#### Supplied entries
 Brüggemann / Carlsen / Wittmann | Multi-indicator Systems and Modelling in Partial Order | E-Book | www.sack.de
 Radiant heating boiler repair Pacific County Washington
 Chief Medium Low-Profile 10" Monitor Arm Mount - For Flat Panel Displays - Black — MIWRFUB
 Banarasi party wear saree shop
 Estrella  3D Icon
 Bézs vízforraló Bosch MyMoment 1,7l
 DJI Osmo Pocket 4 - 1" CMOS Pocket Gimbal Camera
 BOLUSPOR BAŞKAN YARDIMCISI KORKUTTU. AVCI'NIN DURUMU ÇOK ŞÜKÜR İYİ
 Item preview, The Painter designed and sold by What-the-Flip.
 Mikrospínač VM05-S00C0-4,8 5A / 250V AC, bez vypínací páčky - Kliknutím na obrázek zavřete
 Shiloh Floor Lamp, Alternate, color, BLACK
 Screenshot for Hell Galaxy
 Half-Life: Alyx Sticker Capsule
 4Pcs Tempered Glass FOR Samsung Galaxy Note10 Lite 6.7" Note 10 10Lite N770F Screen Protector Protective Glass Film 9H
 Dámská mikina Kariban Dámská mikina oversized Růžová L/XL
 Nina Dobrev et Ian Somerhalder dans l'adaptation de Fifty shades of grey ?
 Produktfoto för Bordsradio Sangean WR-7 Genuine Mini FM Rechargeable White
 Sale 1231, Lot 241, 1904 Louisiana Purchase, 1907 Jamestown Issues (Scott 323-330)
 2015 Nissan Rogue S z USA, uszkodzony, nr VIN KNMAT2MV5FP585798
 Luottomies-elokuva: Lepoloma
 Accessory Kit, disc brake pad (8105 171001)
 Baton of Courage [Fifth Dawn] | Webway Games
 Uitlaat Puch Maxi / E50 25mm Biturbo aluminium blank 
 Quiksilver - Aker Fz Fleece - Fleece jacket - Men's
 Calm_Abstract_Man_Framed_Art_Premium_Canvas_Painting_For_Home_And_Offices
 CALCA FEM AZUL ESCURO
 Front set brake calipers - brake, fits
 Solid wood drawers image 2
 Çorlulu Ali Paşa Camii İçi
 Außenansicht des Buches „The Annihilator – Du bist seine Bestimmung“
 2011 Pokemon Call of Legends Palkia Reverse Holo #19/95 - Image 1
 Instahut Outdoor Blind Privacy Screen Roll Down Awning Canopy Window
########
- Task objective
The material is to be transcribed once more, exactly and completely.

- Answer below
 Brüggemann / Carlsen / Wittmann | Multi-indicator Systems and Modelling in Partial Order | E-Book | www.sack.de
 Radiant heating boiler repair Pacific County Washington
 Chief Medium Low-Profile 10" Monitor Arm Mount - For Flat Panel Displays - Black — MIWRFUB
 Banarasi party wear saree shop
 Estrella  3D Icon
 Bézs vízforraló Bosch MyMoment 1,7l
 DJI Osmo Pocket 4 - 1" CMOS Pocket Gimbal Camera
 BOLUSPOR BAŞKAN YARDIMCISI KORKUTTU. AVCI'NIN DURUMU ÇOK ŞÜKÜR İYİ
 Item preview, The Painter designed and sold by What-the-Flip.
 Mikrospínač VM05-S00C0-4,8 5A / 250V AC, bez vypínací páčky - Kliknutím na obrázek zavřete
 Shiloh Floor Lamp, Alternate, color, BLACK
 Screenshot for Hell Galaxy
 Half-Life: Alyx Sticker Capsule
 4Pcs Tempered Glass FOR Samsung Galaxy Note10 Lite 6.7" Note 10 10Lite N770F Screen Protector Protective Glass Film 9H
 Dámská mikina Kariban Dámská mikina oversized Růžová L/XL
 Nina Dobrev et Ian Somerhalder dans l'adaptation de Fifty shades of grey ?
 Produktfoto för Bordsradio Sangean WR-7 Genuine Mini FM Rechargeable White
 Sale 1231, Lot 241, 1904 Louisiana Purchase, 1907 Jamestown Issues (Scott 323-330)
 2015 Nissan Rogue S z USA, uszkodzony, nr VIN KNMAT2MV5FP585798
 Luottomies-elokuva: Lepoloma
 Accessory Kit, disc brake pad (8105 171001)
 Baton of Courage [Fifth Dawn] | Webway Games
 Uitlaat Puch Maxi / E50 25mm Biturbo aluminium blank 
 Quiksilver - Aker Fz Fleece - Fleece jacket - Men's
 Calm_Abstract_Man_Framed_Art_Premium_Canvas_Painting_For_Home_And_Offices
 CALCA FEM AZUL ESCURO
 Front set brake calipers - brake, fits
 Solid wood drawers image 2
 Çorlulu Ali Paşa Camii İçi
 Außenansicht des Buches „The Annihilator – Du bist seine Bestimmung“
 2011 Pokemon Call of Legends Palkia Reverse Holo #19/95 - Image 1
 Instahut Outdoor Blind Privacy Screen Roll Down Awning Canopy Window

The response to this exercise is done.